Turkey’s record low credit rating on Sept. 11 stems from administrative issues in the country, and will not improve unless the government reforms economic policies drastically, Turkish economist Mahfi Eğilmez said.
Noting an overall steady decline in Turkey’s ratings since its first evaluation in 1990, the economist said that the country’s current low rating is partially related to the shrink of the national economy and the major foreign currency debt Ankara is in.
Meanwhile, finance giant Moody’s said that Turkey’s downgraded ranking was a result of three liabilities, two of them in the domestic balance sheets.

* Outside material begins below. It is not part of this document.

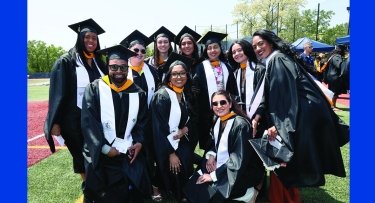 Students at graduation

“Turkey’s external vulnerabilities are increasingly likely to crystallize in a balance-of-payments crisis,” a Moody’s analyst said on Sept. 11, adding that Turkey’s reserves were quickly melting away.
“As the risks to Turkey’s credit profile increase, the country’s institutions appear to be unwilling or unable to effectively address these challenges,” was an unusual element among the reasoning for Turkey’s credit downgrade, Moody’s said as the third component of the downgrade.
Moody’s also included “Turkish officials’ inadequate response to financial problems” as part of the items on a negative outlook for investment in Turkey.
“These statements reveal that one of the major depressors of Turkey’s credit rating is the administration. It also seems that economic precautions will not help much without this issue being resolved,” Eğilmez said.
Moody’s also listed the volatility of the Turkish Lira as a reason for the negative outlook, as well as the tension between Ankara and Greece in the Eastern Mediterranean.